Aussi bien la mort d'Etienne est-elle étrangement semblable à celle du Christ Comme le Christ avait dit : "Père ! pardonne-leur, ils ne savent pas ce qu'ils font !" ainsi : "Etienne, fléchissant les genoux, dit dans un grand cri : "Seigneur, ne leur impute pas ce péché !" C'est la même prière pour ses bourreaux, c'est la même miséricorde, tellement vaste qu'elle ne s'étend pas seulement aux pauvres, aux malheureux, mais aussi aux méchants, aux pécheurs Ce n'est pas seulement pour les justes que le Christ est venu mais pour les pécheurs, et pour ceux-là même qui pèchent contre Lui, pour ceux-là même qui le crucifient. Et de même, Etienne, au moment de mourir, implore la miséricorde de Dieu pour ceux-là même qui sont en train de le lapider. Et de même que Jésus, en mourant, avait remis son cœur, sa vie, son esprit entre les mains du Père : "Père ! entre tes mains je remets-mon esprit !" de la même façon Etienne dit : "Seigneur Jésus, reçois mon esprit" !

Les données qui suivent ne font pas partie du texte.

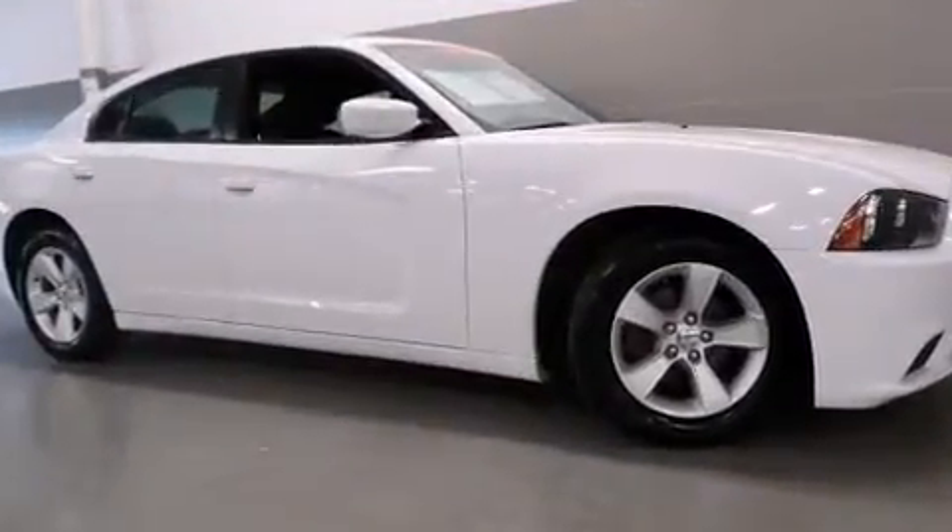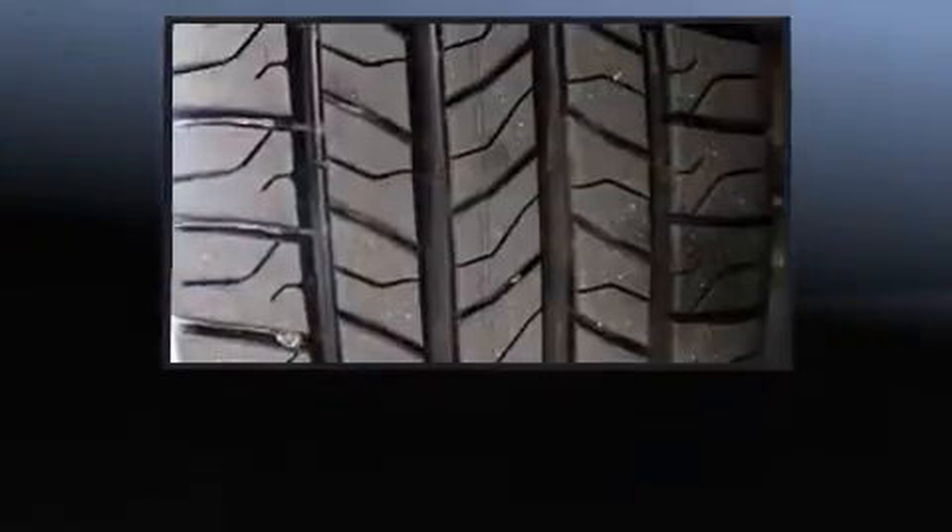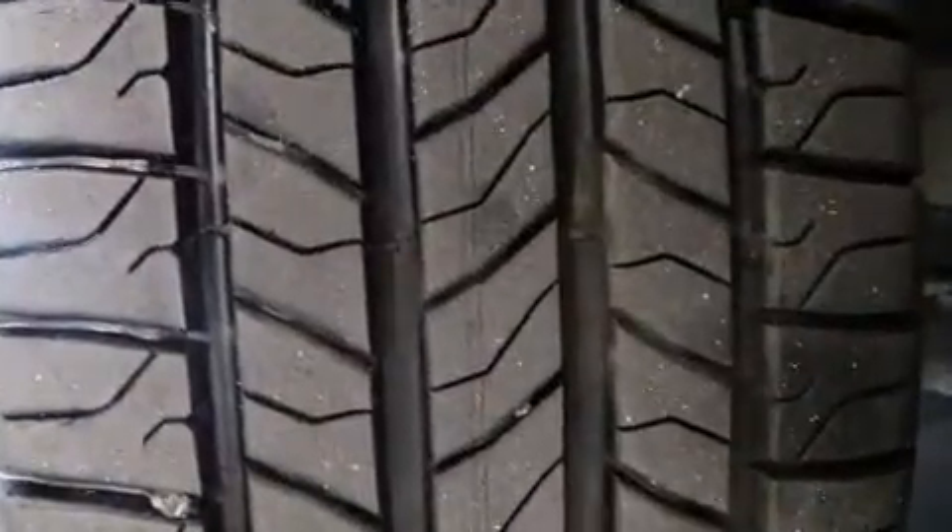Premium sound drives six speakers, providing you and your passengers a sensational audio experience.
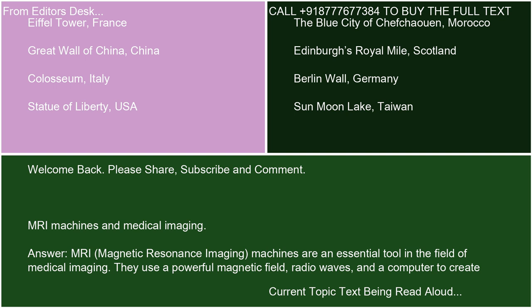Welcome back. Please share, subscribe, and comment. MRI Machines and Medical Imaging.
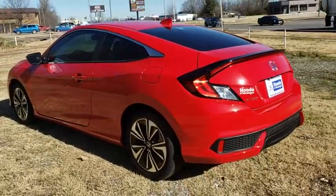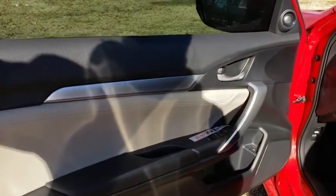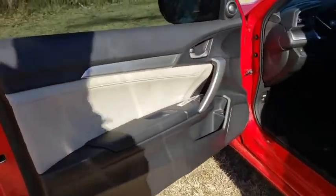Leather-wrapped steering wheel. Power steering. Adjustable steering wheel. Cruise control. Keyless start. Four-wheel disc brakes. Aluminum wheels. Auto-dimming rear-view mirror.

Il y a là un mystère extraordinairement profond. Nous ne sommes peut-être pas appelés au martyre, mais nous sommes certainement appelés, comme Etienne, non seulement à imiter le Christ mais à nous identifier à Lui. On parle trop souvent d'imitation comme une sorte de copie, plus ou moins extérieure ou plus ou moins servile de la manière de faire du Christ, mais il s'agit de beaucoup plus que d'une imitation, il s'agit réellement de l'identification au Christ, c'est-à-dire non pas de faire comme Lui, mais de le laisser agir en nous, ce qui va infiniment plus loin et qui est beaucoup plus profond. Ce n'est pas nous qui, de l'extérieur comme un enfant maladroit qui essaie de retracer sur une feuille de papier les traits d'une image qu'il regarde et qu'il veut reproduire, ce n'est pas ainsi seulement que nous devons agir. Bien plus profondément, nous devons ouvrir notre cœur pour que l'Esprit de Jésus pénètre en nous, pour que notre liberté soit totalement entre les mains de Dieu, totalement disponible et façonnée par cet Esprit, pour que nous puissions réellement mobiliser toutes les énergies de notre être en les mettant au service de l'Esprit de Dieu pour qu'Il puisse agir avec nos mains, parler avec nos lèvres, penser avec notre cœur, aimer avec tout notre être, pour que l'Esprit puisse non seulement nous habiter mais nous faire vivre, pour que, ainsi que le dira Saint Paul ce ne soit plus nous qui vivions, mais le Christ qui vive en nous. Alors, si nous sommes fidèles et si nous gardons cette disponibilité, peu à peu, notre vie se transformera en vie même du Christ. Nous serons d'autres Christs, nous serons semblables au Christ, nous serons en réalité les membres du Christ et agis par Lui, menés par Lui. L'Esprit, en nous, refera les gestes du Christ, redira les paroles du Christ et nous conduira à une vie et à une mort semblables à la vie et à la mort du Christ.

Que l'intercession de saint Etienne, en ces fêtes de Noël, nous obtienne la grâce d'ouvrir notre cœur à cette présence de l'Esprit pour que réellement, la ressemblance véridique du Christ s'imprime dans tout notre être.